Saturday was a gig for some kind of big money fundraiser at the Ritz in Buckhead.  Strangely enough, we were not in the actual ballroom (where the dinner and the auction and the bulk of the evening's affairs were), but across the prefunction area in the smaller rooms, where the stage was almost too wide for the room.  I remember seeing Blue Lou Marini playing a wedding reception gig in this same room a few years ago.

Many, many gigs have I played at the Ritz--my guess would be at least 200 in the twenty years that I have played around Atlanta.  A few stand out to me--a Christmas Day brunch gig (that I played with Rob Henson and a horrible pianist), where we played for five hours and I think I was paid something like $150;  the other being a wedding where a woman had a heart attack and collapsed on the dance floor (while the band played She Works Hard for the Money)--the room was cleared of guests, but for some reason the musicians had to stay put on the stage and watch the paramedics attempt (unsuccessfully) to resuscitate her.
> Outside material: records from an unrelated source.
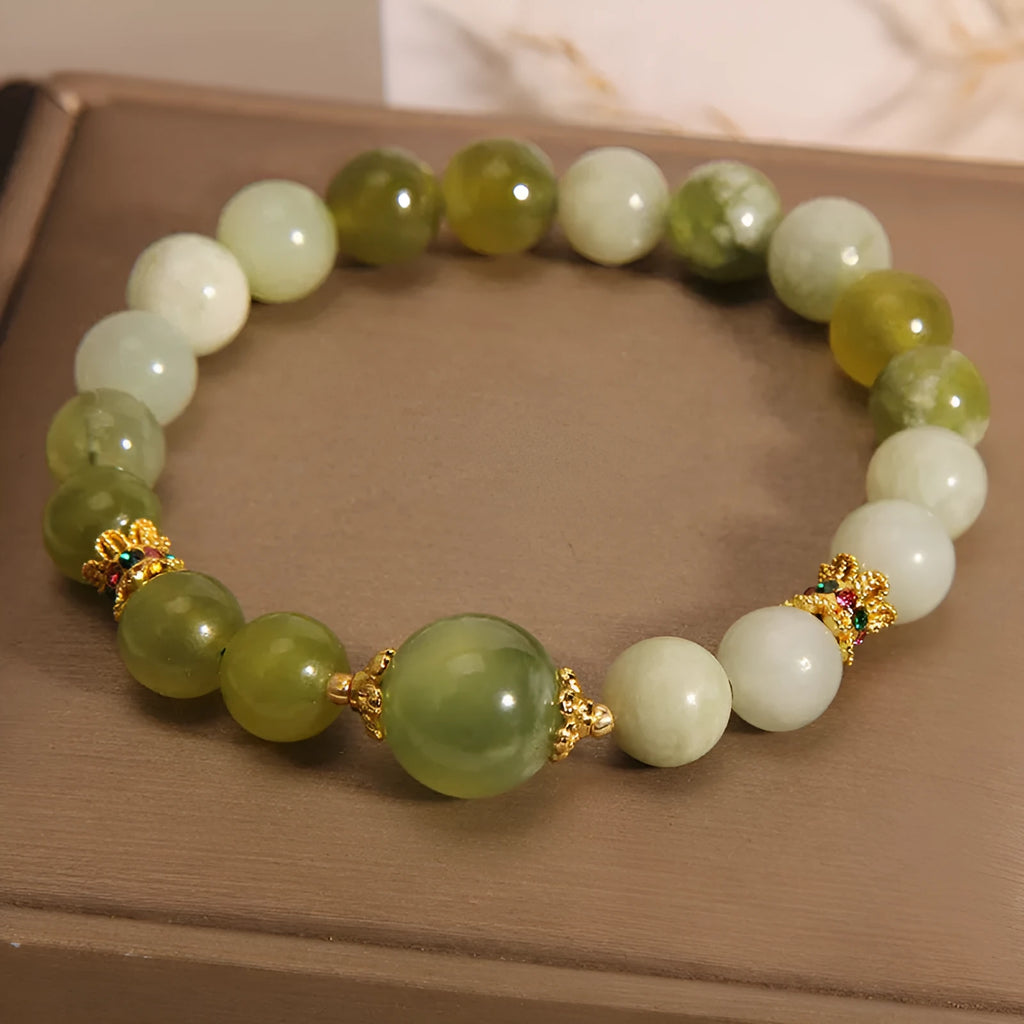 Xiuyan jade women's bracelet in jade green colour with original design.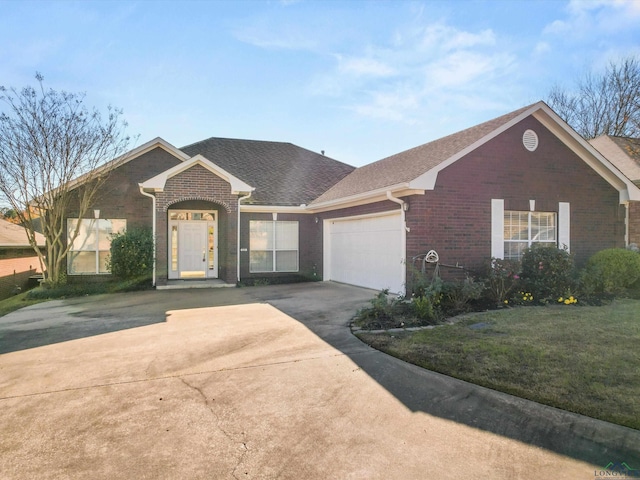 single story home with a garage and a front yard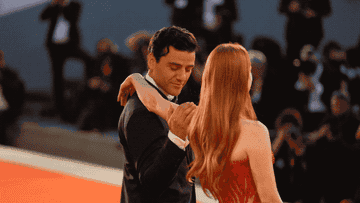 A GIF of Oscar Isaac kissing Jessica Chastain&#x27;s inner arm on the red carpet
The loading dock at the Ritz, in addition to having the reputation notoriety of being one of the most foul smelling locations in wedding band history, is also one of the biggest pains in the ass in town.  You can only enter from one direction, up a hill, and then once you push past the odor, you have to go all the way down a hall and take an elevator up to the ballrooms.  It's a major drag when you have multiple loads of gear, and once you get it all in the room, then you have to leave the loading dock and find a place up in the lot (which means that at the end of the night when you reverse the process, you'll have to do a lap around Buckhead to get back to the dock on the one way road).  So...I was pleasantly surprised to find out that we could load in from the parking deck!  Waaaaaaaaay better.
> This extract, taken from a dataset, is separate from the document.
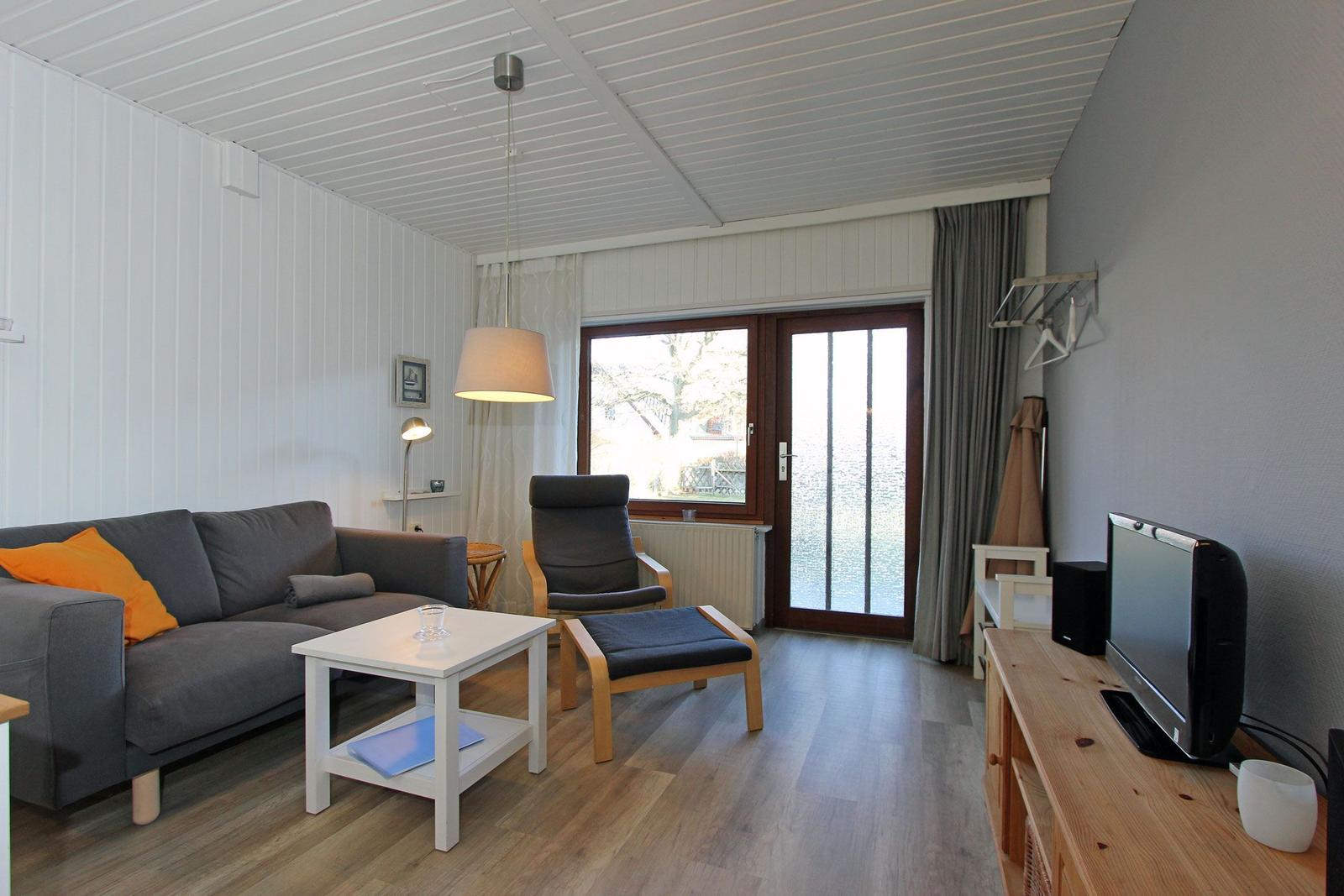 Wohnzimmer mit Sofa, Sessel, Fernseher und Blick auf Wasser.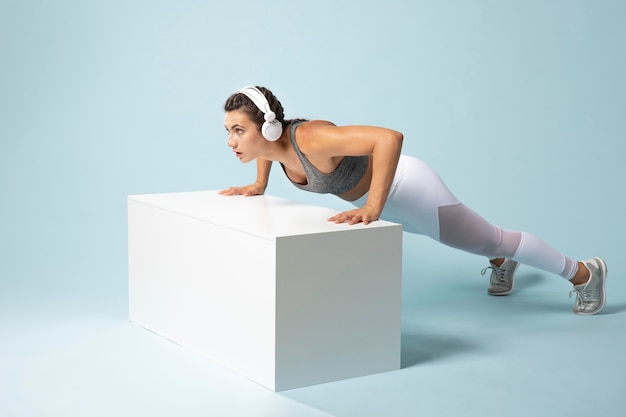 Free photo young woman exercising with her headphones on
The gig itself was, I think, the after party for the event.  We began at 10:30 PM and played til 1 AM, much later than any of our gigs in recent history.  It was pretty much a run of the mill event for us.  Along with the captain's hats at the door, there were around a hundred beach balls, most of which were targeted at the front line for a hour or so.  Eventually the focus shifted to shooting them into the chandeliers, thankfully.

Also, there was a lady who ran a microphone cable through her teeth;  I think it was meant to be seductive.  Gross.  She did it more than once.

I played like crap--mostly crappy saxophone.  The band food was pretty decent, and the load out was no problem at all.

I got home at 2:30 AM, twelve hours after I'd left.